3. Preliminary Algorithm Assessment
The software discussed in this report provides a proposed auto-calibration routine for the machine-vision plastic monitoring-ejection system (Pelletier et al., 2021 [
9]) that is mounted on a gin-stand feeder. To provide a preliminary assessment of the algorithm, prior to undergoing more rigorous statistically sound experimental validation, which will be published in an upcoming scientific “Research” paper; a test was conducted that utilized images collected on a laboratory cut-down version of a commercial gin-stand feeder with cotton harvested on a commercial cotton harvester. For assessment, the captured images were submitted to the algorithm. The size of the number of images utilized to build the classifier, from the calibration pool of images, was varied to test for sensitivity for producing false positives when performance was tested on the test-set of images. The criterion for allowing color to enter the negative classifier was the Poisson-Process number of events, “k”. For this preliminary assessment, “k” was set equal to 45 to provide sound rejection of single plastic events from entering the image calibration dataset. This effectively imposes the criteria of a color being required to have occurred at least once in each of 45 images before that color is allowed to enter the final negative classifier LUT.

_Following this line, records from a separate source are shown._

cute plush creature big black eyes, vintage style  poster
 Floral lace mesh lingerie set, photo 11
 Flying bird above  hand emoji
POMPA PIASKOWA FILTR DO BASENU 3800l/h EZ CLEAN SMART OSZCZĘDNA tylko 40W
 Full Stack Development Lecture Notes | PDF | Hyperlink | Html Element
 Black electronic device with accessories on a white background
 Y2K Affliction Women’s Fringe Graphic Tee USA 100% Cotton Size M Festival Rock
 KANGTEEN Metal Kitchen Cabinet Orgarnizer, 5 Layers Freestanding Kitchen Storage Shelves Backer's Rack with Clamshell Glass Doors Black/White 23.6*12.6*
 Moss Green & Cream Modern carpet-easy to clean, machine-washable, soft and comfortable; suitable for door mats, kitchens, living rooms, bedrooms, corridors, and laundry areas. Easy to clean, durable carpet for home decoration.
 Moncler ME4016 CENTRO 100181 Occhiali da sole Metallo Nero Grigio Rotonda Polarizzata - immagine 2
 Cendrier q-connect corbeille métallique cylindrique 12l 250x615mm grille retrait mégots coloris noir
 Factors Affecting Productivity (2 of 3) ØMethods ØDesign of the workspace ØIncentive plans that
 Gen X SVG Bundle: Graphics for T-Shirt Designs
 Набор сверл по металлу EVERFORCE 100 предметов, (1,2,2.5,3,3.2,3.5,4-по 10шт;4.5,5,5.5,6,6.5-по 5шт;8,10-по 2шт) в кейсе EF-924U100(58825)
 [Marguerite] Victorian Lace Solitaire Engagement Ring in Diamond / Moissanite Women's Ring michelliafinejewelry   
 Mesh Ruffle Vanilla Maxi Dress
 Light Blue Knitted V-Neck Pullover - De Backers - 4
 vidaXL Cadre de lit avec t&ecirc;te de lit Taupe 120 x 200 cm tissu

For assessment of the false-positive rate, the auto-classifier generated classifier LUTs were constructed utilizing the following number of images, known to be free of plastic, to build the classifier (600, 900, 1200, 1500, 2400). To reduce noise, the system is typically run with an area threshold (below which the image is ignored) of 500 pixels, which is approximately 10 × 10 mm. Previous testing by the authors found that sizes of small plastic are removed by the feeder and have a very low probability of occurrence. The results of a series of Monte-Carlo tests found the number of false positives, from a pool of 5500 test images, to have from 0.2 to 2 false positives, using the exclusion criterion of k = 45,
Table 3. From
Table 3, it is apparent that to keep a low false-positive rate, it will be necessary to use numerous calibration images. In a two-minute window, collecting images at 25 frames per second, this is 3000 images, which the data suggests would be the ideal calibration image pool. Given the large number of images that must be captured and processed, the use of a dedicated camera node is suggested, as this large processing load will most likely interfere with a camera node’s primary purpose of detection and removal of the plastic contaminants.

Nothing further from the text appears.